Previously unpublished sections of his recent interview with Professor Michael Barber have emerged, in which he confides: "Any country which decides to write a national curriculum . . . ought to look carefully at what we went through, because I learned a lot about the individual subjects and I realised each one was a battlefield. I thought maths must have been devoid of passion. Not at all! Should we use calculators or shouldn't we? Should children learn tables by heart? Should you learn calculus before the age of 16? and so on and so on. Doctrinal!" At least he expected to get some help from Margaret Thatcher. "She wanted it to be pretty rigorous, old-fashioned stuff, which I have great sympathy with, actually. I am a great believer in learning things by heart and we appointed one of her mates, Siggy Prais, to the maths committee, but he wouldn't fight his corner.
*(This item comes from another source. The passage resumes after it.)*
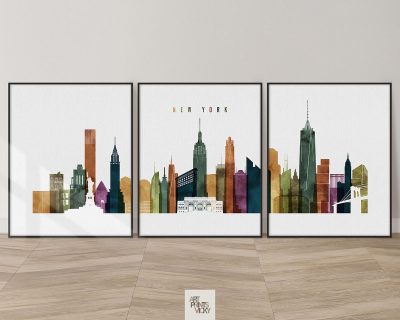New York skyline set of 3 prints watercolor 3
When they didn't all agree with him, he went off in a huff."
At this point, recalled Mr Baker, he brought in National Curriculum Council supremo Duncan Graham - a man so determined to outwit the civil servants that he even organised a meeting in a field in North Wales - to knock a few heads together. "He was an awkward sod. But you needed an awkward sod, actually. "
Still, teachers still recovering from the rigours of the curriculum and the Patten Years might like to know things could have been worse. A lot worse. Mr Baker recalls cheerfully: "I think it was quite clear that Ken Clarke when he was there - it was a very short time - was gearing up to a major conflict with the teachers again, because he likes a scrap. And he was moving to that, I think, with some joy."
David Triesman, general secretary of the Association of University Teachers, was highly amused by the admission of energetic sports minister Iain Sproat that the Government's policy of encouraging local authorities to flog off surplus land had "the unforeseen consequence" that too many acres of school playing fields were sold. Now Mr T wonders whether he should have foreseen that some prints he has just sold to an American would be taken away to the US and not left with him.
In Carborundum's day, the notice afforded by MPs to student politics rarely ventured beyond the sending of a dry-cleaning bill, hurled eggs and tomatoes having been removed thus. Not any more. A "fascinating" early-day motion appeared in the House of Commons order paper last week, signed by such luminaries as Ken Livingstone, Tony Benn and Dennis "Beast of Bolsover" Skinner and accusing the current president of the National Union of Students of being "intolerant and dictatorial".
The motion accuses Jim Murphy of having unconstitutionally suspended his vice president for taking part in an open debate on the issues raised by the Campaign For Free Education, a student organisation calling plaintively for grant and benefits levels to be returned to the equivalent of 1979.
It also accuses Murphy and NUS president-elect, Douglas Trainer, of threatening to suspend a national executive member if she attends the Scottish launch of the outfit.
Airily, it continues that this House "reminds Mr Murphy and Mr Trainer that freedom of speech is a right in the United Kingdom, that they have no power to overturn the results of elections that went against their preferred candidates and that, whilst these methods are a common practice in dictatorships around the world, they are not acceptable behaviour from someone such as Mr Murphy who is putting himself forwards as suitable for election for the House of Commons. " No? OK then.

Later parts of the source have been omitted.